Motion made, and Question proposed, That this House do now adjourn.--[Mr. Mike Hall.]

11.30 pm

Mr. Barry Gardiner (Brent, North): I may not look like Barbra Streisand, but since the title of this Adjournment debate was published, I too have known what it is like to be hounded by the paparazzi. It has seemed like every mortgage lender in the country has beaten a path to my door to explain why their products are fair and reasonable, and why others--usually their competitors' products--are not. When I first approached Madam Speaker's Office and proposed a title for this debate, I suggested "Mortgage Rip-Offs". I must compliment the Speaker's assistant secretary for the courtesy and tact that he showed in persuading me that "Mortgages and Unfair Contract Terms" might be more appropriate. So what are these unfair contract terms, and why do so many people feel that they have been treated badly by their mortgage lender?

I shall first examine extended redemption penalties--or lock-ins as they are often known. Back in the days of the Conservative Government in 1994, with a stagnant housing market and the curse of negative equity, mortgage lenders tried to find a way to kick-start the housing market. They offered deals that were front-loaded to home buyers: discounted rates, fixed-rate schemes and even cash back. Clearly, the only way in which lenders could recoup the cost of such low-rate schemes was by locking borrowers into their standard variable rate for several years after the initial incentive had run out.

I am a fair-minded person, and if that were all there were to extended redemption penalties, I would say "fair enough". So what is the problem? It is this: if one signs a contract that committed one for five years to pay a supplier of orange juice, one would expect the contract to specify the cost that one could incur for the whole five years. If the price charged by the supplier could vary from year to year depending on the orange crop harvest, one would expect the fluctuating cost to be related to some index--the orange market juice index, perhaps--which would govern the shift in the cost that one would have to pay for one's juice.

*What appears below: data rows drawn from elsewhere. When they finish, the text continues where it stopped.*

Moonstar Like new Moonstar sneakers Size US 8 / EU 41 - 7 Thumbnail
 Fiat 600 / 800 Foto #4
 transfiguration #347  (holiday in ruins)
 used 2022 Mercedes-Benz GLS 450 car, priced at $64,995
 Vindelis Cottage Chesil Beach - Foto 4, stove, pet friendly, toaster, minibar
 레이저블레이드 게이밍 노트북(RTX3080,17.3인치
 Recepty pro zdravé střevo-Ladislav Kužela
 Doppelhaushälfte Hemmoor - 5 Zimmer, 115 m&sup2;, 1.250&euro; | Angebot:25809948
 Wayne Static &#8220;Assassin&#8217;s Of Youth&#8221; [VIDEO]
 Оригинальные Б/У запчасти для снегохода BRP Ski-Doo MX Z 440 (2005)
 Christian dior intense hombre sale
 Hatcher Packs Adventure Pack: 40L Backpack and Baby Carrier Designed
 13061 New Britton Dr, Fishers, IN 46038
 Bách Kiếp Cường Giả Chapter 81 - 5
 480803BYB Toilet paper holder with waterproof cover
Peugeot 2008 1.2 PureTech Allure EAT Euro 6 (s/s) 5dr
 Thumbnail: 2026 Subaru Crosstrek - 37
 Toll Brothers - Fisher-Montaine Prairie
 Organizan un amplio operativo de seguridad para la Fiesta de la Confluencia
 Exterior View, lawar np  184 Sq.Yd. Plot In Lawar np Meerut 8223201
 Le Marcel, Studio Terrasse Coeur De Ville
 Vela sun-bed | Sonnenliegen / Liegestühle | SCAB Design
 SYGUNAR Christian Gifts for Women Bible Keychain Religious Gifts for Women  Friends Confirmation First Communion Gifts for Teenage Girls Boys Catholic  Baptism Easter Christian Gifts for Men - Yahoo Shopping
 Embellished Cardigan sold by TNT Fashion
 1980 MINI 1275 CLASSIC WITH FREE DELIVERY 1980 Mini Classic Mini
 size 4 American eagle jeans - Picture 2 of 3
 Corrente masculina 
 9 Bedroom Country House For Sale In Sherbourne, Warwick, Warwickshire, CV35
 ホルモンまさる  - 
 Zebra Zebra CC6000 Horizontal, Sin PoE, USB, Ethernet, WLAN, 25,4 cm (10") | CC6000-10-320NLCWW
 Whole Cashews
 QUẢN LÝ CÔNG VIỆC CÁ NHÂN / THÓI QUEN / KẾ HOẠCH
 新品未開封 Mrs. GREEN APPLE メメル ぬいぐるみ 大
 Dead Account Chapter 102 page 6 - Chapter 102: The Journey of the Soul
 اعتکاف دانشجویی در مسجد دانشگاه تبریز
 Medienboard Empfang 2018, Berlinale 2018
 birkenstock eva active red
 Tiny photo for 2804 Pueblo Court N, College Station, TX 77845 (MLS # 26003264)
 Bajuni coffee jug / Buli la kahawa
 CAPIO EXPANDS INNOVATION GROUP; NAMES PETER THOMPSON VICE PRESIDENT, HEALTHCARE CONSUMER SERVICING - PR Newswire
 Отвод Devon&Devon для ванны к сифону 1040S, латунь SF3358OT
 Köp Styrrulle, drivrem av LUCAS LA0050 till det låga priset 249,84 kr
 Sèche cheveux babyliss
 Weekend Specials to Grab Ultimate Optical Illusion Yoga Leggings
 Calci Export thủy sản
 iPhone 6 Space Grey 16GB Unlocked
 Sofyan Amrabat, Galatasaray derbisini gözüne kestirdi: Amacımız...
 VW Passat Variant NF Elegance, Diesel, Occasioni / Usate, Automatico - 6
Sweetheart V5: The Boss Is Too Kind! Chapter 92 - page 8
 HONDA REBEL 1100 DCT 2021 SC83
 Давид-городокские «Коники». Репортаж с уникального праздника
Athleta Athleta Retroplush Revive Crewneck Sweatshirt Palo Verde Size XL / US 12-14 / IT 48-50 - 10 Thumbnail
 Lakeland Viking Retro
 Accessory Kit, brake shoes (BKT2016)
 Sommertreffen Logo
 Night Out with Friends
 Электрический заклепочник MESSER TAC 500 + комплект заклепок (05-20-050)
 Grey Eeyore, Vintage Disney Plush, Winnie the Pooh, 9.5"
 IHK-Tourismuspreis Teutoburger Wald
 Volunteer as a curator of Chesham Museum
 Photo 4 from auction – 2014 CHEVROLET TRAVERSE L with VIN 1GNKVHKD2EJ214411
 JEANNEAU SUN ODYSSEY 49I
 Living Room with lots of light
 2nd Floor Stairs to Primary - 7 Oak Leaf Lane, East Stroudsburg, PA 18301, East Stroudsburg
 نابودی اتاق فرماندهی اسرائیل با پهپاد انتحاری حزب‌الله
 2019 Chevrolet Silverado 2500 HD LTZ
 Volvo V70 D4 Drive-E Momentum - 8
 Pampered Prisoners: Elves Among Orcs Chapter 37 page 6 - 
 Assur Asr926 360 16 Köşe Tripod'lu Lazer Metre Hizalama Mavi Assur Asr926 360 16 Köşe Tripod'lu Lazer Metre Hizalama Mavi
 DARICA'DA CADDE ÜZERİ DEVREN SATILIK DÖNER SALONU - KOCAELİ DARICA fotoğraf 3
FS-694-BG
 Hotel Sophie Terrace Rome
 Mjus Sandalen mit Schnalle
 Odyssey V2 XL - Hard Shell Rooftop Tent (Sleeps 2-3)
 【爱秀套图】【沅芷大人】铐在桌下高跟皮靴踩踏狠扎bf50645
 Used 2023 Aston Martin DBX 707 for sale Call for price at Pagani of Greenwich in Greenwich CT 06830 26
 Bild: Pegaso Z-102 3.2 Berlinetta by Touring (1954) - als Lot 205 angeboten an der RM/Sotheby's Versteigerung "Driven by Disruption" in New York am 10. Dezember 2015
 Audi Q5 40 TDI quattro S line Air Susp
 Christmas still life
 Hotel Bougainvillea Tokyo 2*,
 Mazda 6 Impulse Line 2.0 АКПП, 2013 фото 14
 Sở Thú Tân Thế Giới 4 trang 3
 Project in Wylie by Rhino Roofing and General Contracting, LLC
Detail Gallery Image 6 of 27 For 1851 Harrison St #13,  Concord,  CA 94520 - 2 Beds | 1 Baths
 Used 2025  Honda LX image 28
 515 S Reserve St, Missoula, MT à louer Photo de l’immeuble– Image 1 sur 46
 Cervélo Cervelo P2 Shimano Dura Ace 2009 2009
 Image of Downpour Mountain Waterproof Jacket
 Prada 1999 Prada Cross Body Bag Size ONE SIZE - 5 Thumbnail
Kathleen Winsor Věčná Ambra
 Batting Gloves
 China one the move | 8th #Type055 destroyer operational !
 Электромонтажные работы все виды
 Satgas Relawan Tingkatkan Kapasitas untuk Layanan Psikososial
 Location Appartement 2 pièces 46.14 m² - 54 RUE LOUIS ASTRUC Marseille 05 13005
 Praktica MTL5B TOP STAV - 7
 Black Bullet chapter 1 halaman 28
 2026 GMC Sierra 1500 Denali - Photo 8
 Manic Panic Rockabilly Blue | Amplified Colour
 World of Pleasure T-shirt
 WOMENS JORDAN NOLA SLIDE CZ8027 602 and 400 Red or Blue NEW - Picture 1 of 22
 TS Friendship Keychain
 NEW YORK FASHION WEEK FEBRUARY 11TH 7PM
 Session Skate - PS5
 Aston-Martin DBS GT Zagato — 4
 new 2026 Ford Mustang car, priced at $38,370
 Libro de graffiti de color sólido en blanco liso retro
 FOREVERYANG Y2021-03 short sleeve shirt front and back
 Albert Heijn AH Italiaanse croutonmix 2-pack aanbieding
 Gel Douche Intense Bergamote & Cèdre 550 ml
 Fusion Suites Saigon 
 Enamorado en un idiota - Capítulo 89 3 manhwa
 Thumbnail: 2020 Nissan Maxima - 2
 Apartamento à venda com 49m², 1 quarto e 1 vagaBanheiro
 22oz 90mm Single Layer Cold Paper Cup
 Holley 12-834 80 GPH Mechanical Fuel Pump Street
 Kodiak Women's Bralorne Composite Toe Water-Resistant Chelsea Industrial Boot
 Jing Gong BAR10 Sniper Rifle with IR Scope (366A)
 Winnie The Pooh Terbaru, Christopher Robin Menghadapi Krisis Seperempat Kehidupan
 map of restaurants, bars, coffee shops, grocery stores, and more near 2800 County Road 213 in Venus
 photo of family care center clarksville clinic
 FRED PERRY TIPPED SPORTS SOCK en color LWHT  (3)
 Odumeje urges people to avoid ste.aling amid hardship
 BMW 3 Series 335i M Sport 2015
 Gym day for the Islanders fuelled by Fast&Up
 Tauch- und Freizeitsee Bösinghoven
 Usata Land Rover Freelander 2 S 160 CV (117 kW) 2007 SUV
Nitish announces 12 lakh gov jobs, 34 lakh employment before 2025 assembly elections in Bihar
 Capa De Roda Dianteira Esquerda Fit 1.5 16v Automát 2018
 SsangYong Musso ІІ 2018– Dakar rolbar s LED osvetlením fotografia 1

One would not be happy with a contract that allowed the supplier to vary the cost of the orange juice after the first year by any amount that the supplier chose. One would certainly not be happy if the orange market index were falling yet the supplier could charge the same or even a higher cost for the juice or if one faced massive financial penalties for breaking such a contract and refusing to pay that inflated cost.

Such a contract would be one-sided; its terms would be unfair--or, in the language used outside Madam Speaker's Office, a rip-off. One would not be happy, yet that is exactly what happens when one purchases a mortgage with extended redemption penalties.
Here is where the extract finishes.